Esa actitud presidencial del “no pasa nada”, del “abrácense”, es algo más que una anécdota local. Trasciende la división interna entre los que creen que es inmune por su fuerza moral y los que lo reprueban por no ser el ejemplo para toda una nación.

El mundo lo ve y deja sentir su desaprobación y su preocupación con esa forma de conducir al país.

Éstos son tiempos en los que los capitales vuelan a la calidad y son muy quisquillosos con la evaluación de riesgos. Entre los mercados bursátiles más golpeados ayer estuvieron los mexicanos y el peso ha tenido una depreciación importante, con todo y su carácter de una de las monedas emergentes más negociadas.

El riesgo país de México se ha disparado a niveles no vistos desde la Gran Recesión de hace más de 10 años.

Claro, hay un pánico generalizado en los mercados financieros del mundo, pero hay dudas razonables sobre la capacidad actual de México de reaccionar correctamente.

¿Cuáles pueden ser los temores que rodean a México en estos momentos?

Uno inicial es la capacidad de la 4T para lidiar con estos tiempos de crisis, a la luz de las actitudes que han tomado de soslayar la gravedad de la crisis, cuando el mundo se toma muy en serio la pandemia.

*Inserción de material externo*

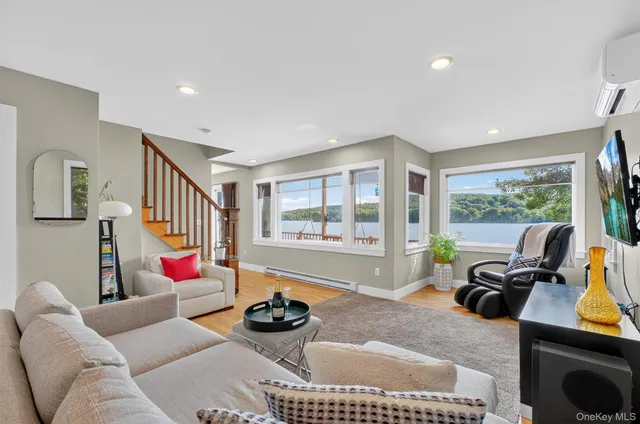 a living room with furniture and a floor to ceiling window
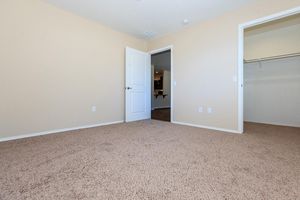 A spacious, empty bedroom with beige walls and carpet. There is a closed white door leading to another room and an open doorway leading to a closet. The room is well-lit with natural light, creating a bright and inviting atmosphere. No furniture is present, emphasizing the room's potential for personalization.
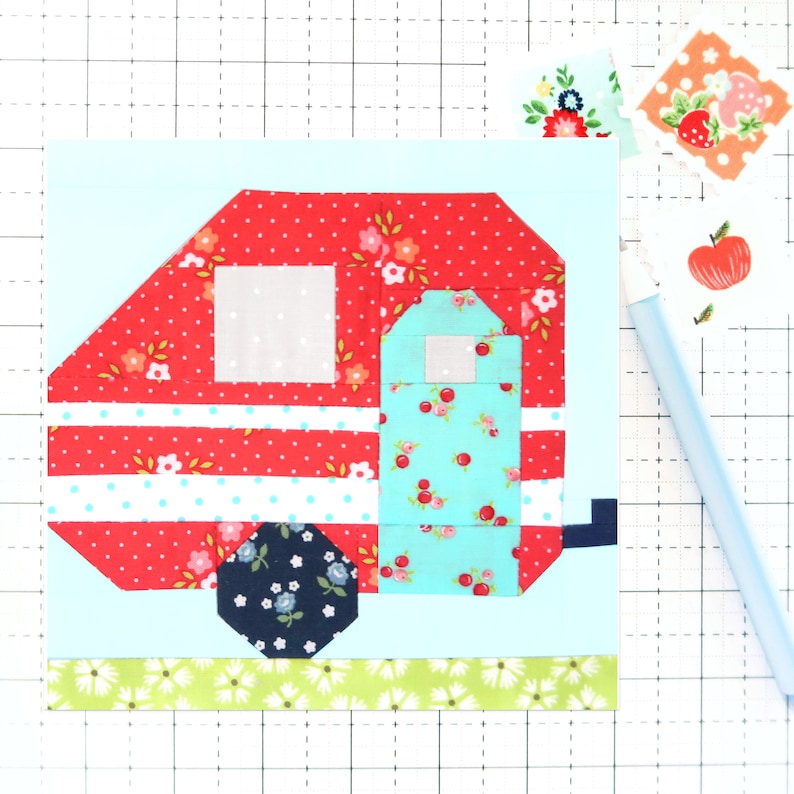 May include: A red and white striped camper with a blue and white floral pattern on the side. The camper has a white window and a green grass patch underneath.
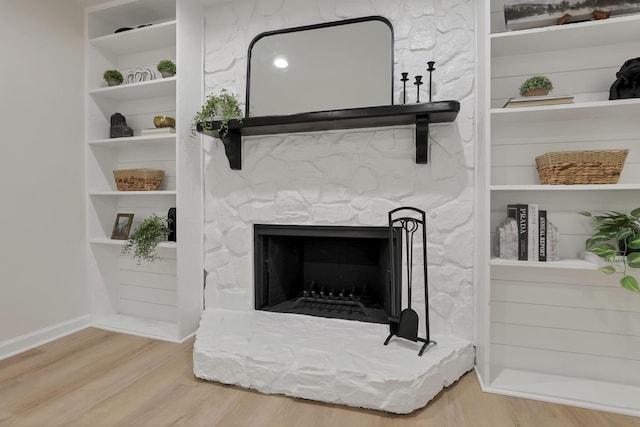 details with hardwood / wood-style flooring, built in shelves, and a stone fireplace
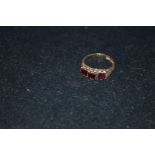 A 9ct Gold Three Garnet Ring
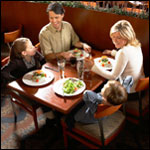 Photo: A family dining in a restaurant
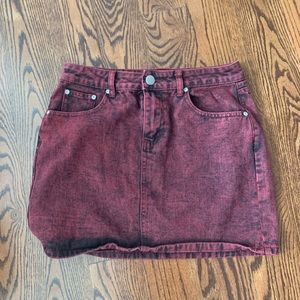 Pretty Little Thing’s Maroon Jean skirt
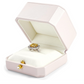 Open jewelry box with a ring and earrings on a white background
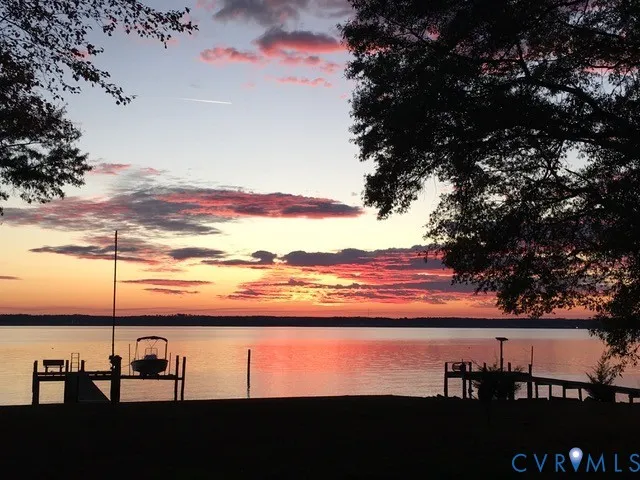 a view of a lake and sunset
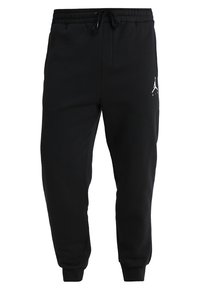 Černé tepláky vyrobené z měkké látky s elastickým pasem, stahovací šňůrkou, užšími nohavicemi a malou bílou značkou na levém stehně.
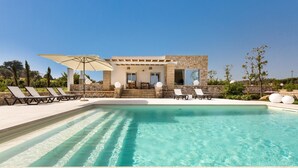 Un área de piscina con sillones de descanso y una pérgola.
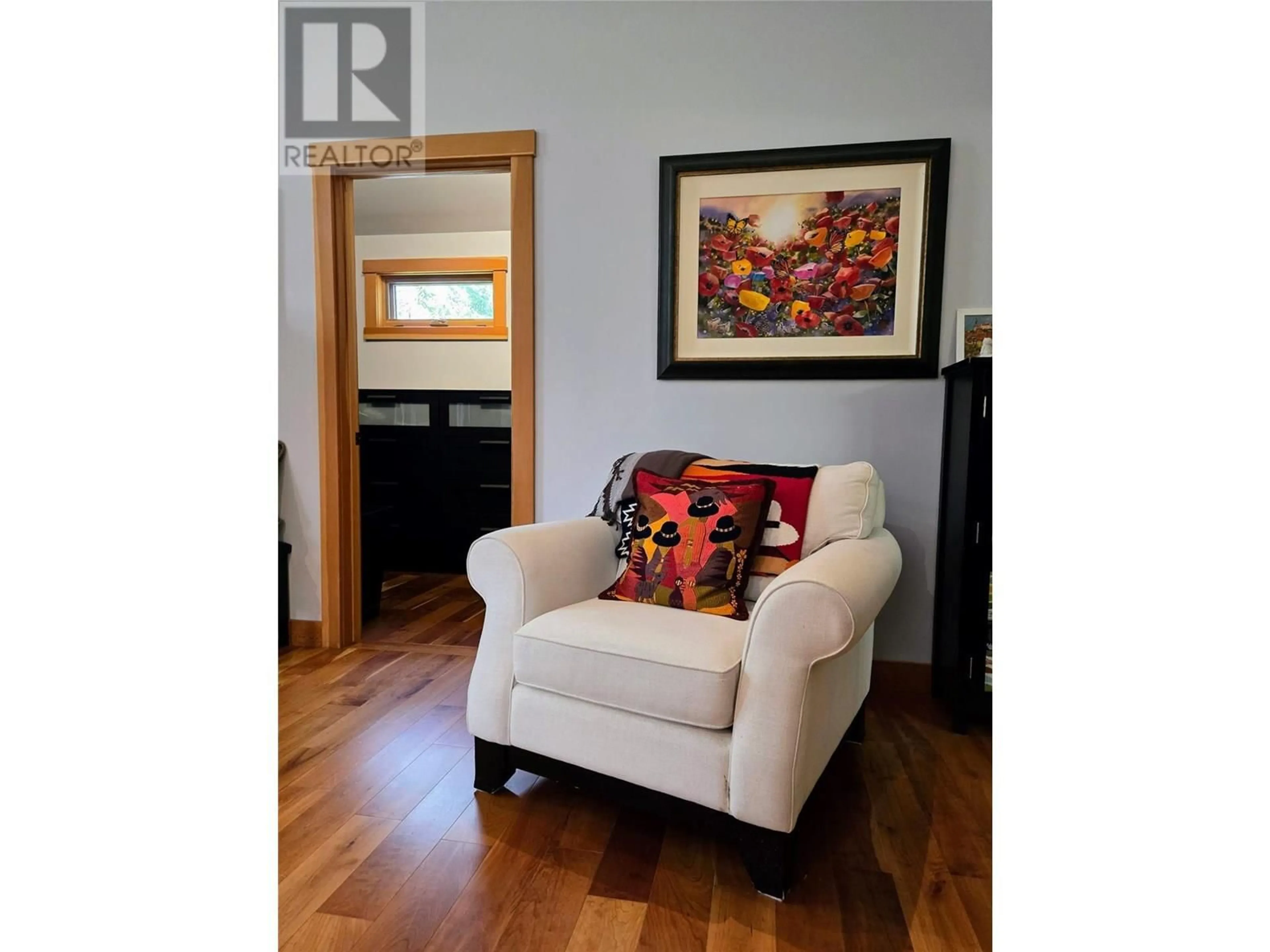 Living room with furniture, wood/laminate floor for 2517 COBBLESTONE TRAIL, Invermere British Columbia V0A1K6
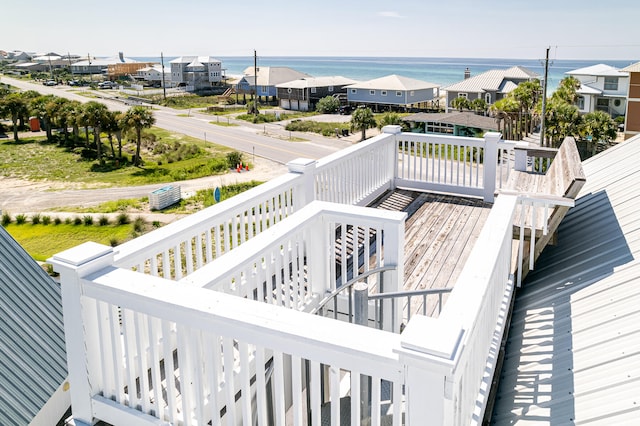 wooden deck featuring a water view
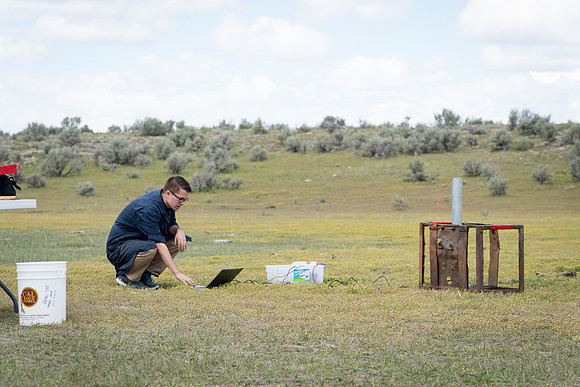 The Rocket Team from the Mechanical Engineering Department gather together to prepare for their rocket launch.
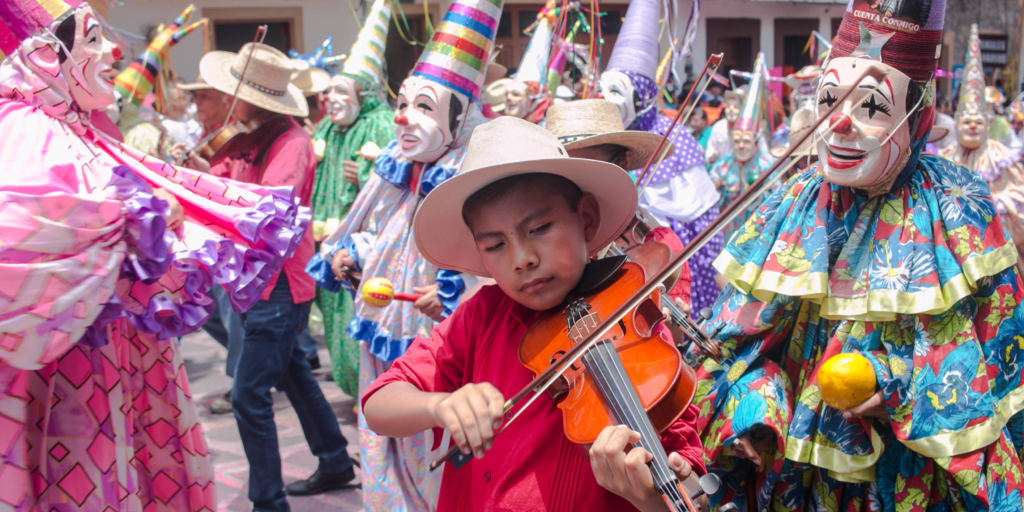 May Cultural Celebrations: Diversity, Education, and Awareness – this photo is of a Cinco De Mayo celebration focusing on a young boy playing the violin.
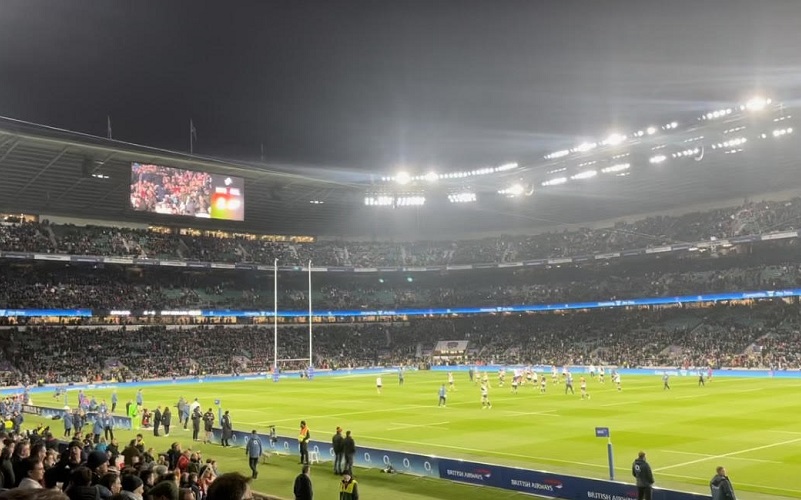 The pitch at Twickenham Stadium under the lights after a match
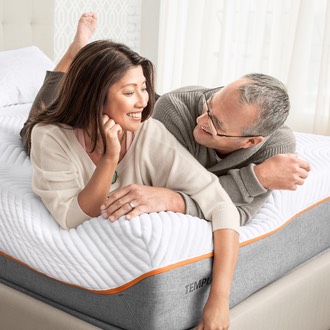 Man and woman laying on a Tempur-Pedic mattress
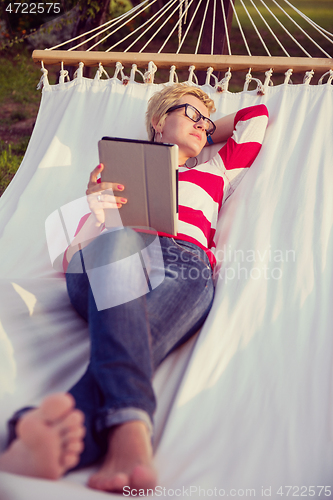 Image of woman using a tablet computer while relaxing on hammock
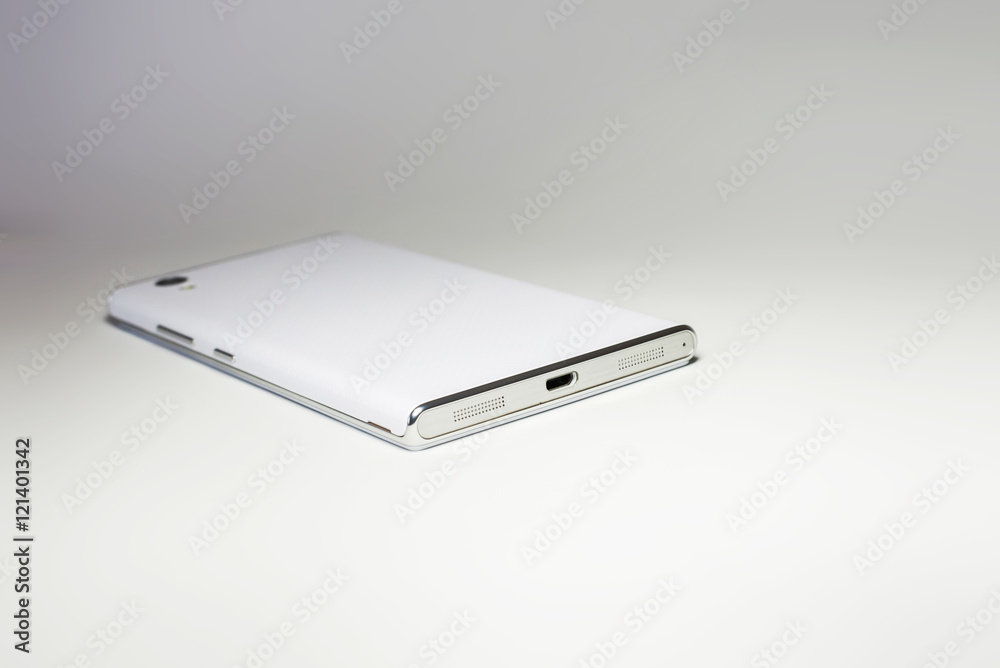 White modern smartphone with blank back lies on the surface, isolated on white background. Elements. White modern smartphone with blank back lies on the surface, isolated on white background. Elements.
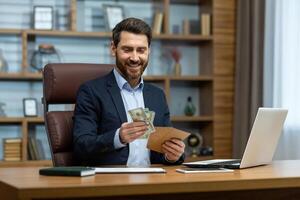 Photo of a happy young businessman sitting at a desk in the office and holding an envelope with cash in his hands, looking satisfied at the received banknotes.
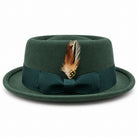 Hunter green pork pie wool felt hat by Montique side view with grosgrain bow and multicolor feather accent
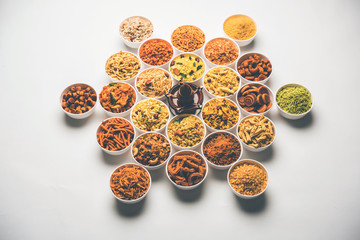 Rangoli of Farsan/snacks in bowls for Diwali with diya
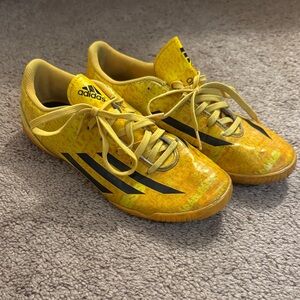 Adidas F10 turf Messi yellow cleats.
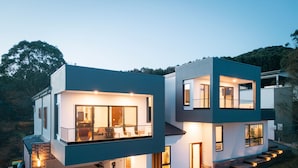 A modern two-story house with a balcony, a garage, and a well-lit entrance.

Otro temor real es que hasta ahora México no ha enfrentado lo peor de la fase de contagios. La capacidad de gestionar la presencia de miles de casos está en duda ante la evidente falta de preparación de los servicios de salud, recortados en sus presupuestos e improvisados por los cambios de motivación ideológica.

Y un temor muy importante. Si Estados Unidos considera que México no tiene un manejo adecuado de la crisis sanitaria, que no quede duda de que Donald Trump podrá dar vida a uno de sus más acariciados sueños: cerrar la frontera con México. Y entonces sí, con el corte en los suministros de las cadenas industriales y con la vida de millones de personas interrumpida, podremos saber lo que es una crisis.

Esta “guerra sanitaria”, como bien la denominó el presidente francés, Emmanuel Macron, es una donde hay que lavarse las manos, pero también hay que dar la imagen correcta de ser serios en el combate a una pandemia. Y aquí no se ve seriedad.